We begin our history of the great mountain system of western North America known as the Cordillera (Spanish: a chain of mountains) with the breakup of the supercontinent of Rodinia, sometime near 750 million years ago (Late Proterozoic; see (geological time scale at right). At that time, most researchers believe that East Antarctica and Australia rifted away from western North America. As a result, a great belt of sedimentary sequences collectively known as the Windermere Supergroup began to accumulate at the continent-margin. This point is actually about half way along in the history of western North America, but it marks the first stage when we know much of the basic outline, even though many details of this early history are obscured by later cataclysmic events. For much of the next 400 million years, the western margin of the continent was the site of a 'passive' (that is, Atlantic-type) continental margin. Sediments were washed off the continent and collected at its edge. By the early Paleozoic, the continental margin looked quite different in the north than in the south. The southern part consisted of a narrow carbonate shelf, passing in a short distance into deeper water where fine mud collected. The northern part consisted of a broad, shallow carbonate platform, much like present day Bahamas Bank. Thanks to plate tectonics, this part of the continent was in the tropics then, so the processes involved in forming these carbonate platforms were much the same then in northern Canada, as they are now in the Bahamas.

In the Late Devonian to Early Carboniferous periods (380-350 My ago), a major mountain-building event occurred, and is preserved fragmentarily in several widely separated parts of western North America, including Nevada, and southern British Columbia. Other parts of the margin, such as eastern Yukon, seem to have undergone extension and rift faulting, but we do not currently know enough to be certain whether this extension followed the mountain building (as commonly happens), or whether these very different processes were going on at the same time in different places. This is an area of active research. We do know that rift faulting was active locally in the late Paleozoic (Carboniferous and Permian, ca. 350-250 My ago) in northern British Columbia, but new work also indicates that volcanism near the continental margin in southwestern Yukon was forming a chain of island arc volcanoes (Japan or Indonesia are modern equivalents) that would later be pushed into that part of the margin.

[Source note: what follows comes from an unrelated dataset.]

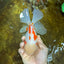AAA Grade ADORABLE Sakura Oranda Male 6-6.5 inches #091925OR_14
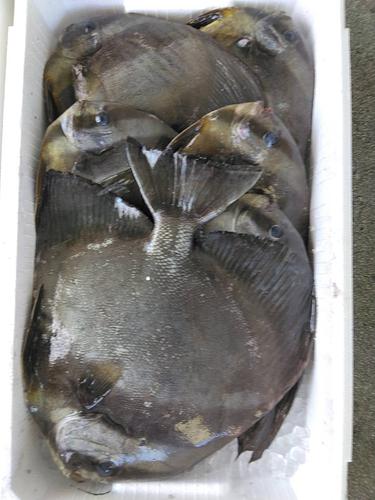 ツバメウオ6入約5kg(定置)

Jurassic and Early Cretaceous Mountain Building

During the late Paleozoic and Triassic (ca. 250 My ago), a series of island arcs formed in the ocean west of North America, but the fossil species preserved in the sedimentary rocks, and the magnetic record preserved in the volcanic rocks indicate that they formed up to 3000 km south of their present positions. They slowly migrated northward, attached to the global oceanic conveyor belt system we call plate tectonics. The present Cordilleran mountain system had already begun to develop by about 175 million years ago, during the Middle Jurassic. The initial stage of mountain building began when the first group of these island arc chains, and fragments of intervening oceanic crust, finally collided with western North America. The first collision involved a composite crustal block known as the 'Intermontane superterrane' (see location map) because it is centred on the Intermontane plateaus of today's British Columbia. Their collision produced the Columbian Orogeny, the first of two full scale mountain building episodes. This resulted in the formation of a fold and thrust belt, major crustal thickening and the intrusion of granite plutons throughout the Omineca Belt, the central core of the Cordillera. By Late Jurassic time, sediments were shed eastward from these rising mountains and formed the first layers of 'clastic wedge' rocks deposited as a broad apron onto the older continental margin sediments in what is now eastern British Columbia and Alberta. These rocks would later become caught up in the faulting and folding as the deformation progressed eastward into the Foreland Belt of the Cordillera.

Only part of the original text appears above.